# DESCRIPTION OF THE TASK
Please output the data below exactly as given, starting at its first line and stopping after the line that contains "Elektroniczna tarcza strzelecka".

# PROVIDED ENTRIES
● ● ● ●
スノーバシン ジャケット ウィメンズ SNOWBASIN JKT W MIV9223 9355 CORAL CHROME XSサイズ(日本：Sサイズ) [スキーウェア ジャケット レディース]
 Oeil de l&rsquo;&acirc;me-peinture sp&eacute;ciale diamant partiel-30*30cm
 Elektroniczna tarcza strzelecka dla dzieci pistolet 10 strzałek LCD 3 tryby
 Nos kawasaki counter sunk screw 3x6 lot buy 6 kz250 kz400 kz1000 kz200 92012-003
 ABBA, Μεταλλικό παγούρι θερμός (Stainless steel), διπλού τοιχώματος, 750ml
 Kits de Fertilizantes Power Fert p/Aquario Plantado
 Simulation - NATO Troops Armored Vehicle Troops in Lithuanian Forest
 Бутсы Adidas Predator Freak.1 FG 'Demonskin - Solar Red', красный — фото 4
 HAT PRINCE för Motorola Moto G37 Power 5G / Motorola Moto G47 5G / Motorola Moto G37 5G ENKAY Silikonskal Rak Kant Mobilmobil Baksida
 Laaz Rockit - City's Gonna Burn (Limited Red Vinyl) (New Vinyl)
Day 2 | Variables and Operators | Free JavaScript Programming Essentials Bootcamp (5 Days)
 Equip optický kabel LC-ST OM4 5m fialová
● ● ● ●
# ANSWER TO THE EXERCISE
スノーバシン ジャケット ウィメンズ SNOWBASIN JKT W MIV9223 9355 CORAL CHROME XSサイズ(日本：Sサイズ) [スキーウェア ジャケット レディース]
 Oeil de l&rsquo;&acirc;me-peinture sp&eacute;ciale diamant partiel-30*30cm
 Elektroniczna tarcza strzelecka dla dzieci pistolet 10 strzałek LCD 3 tryby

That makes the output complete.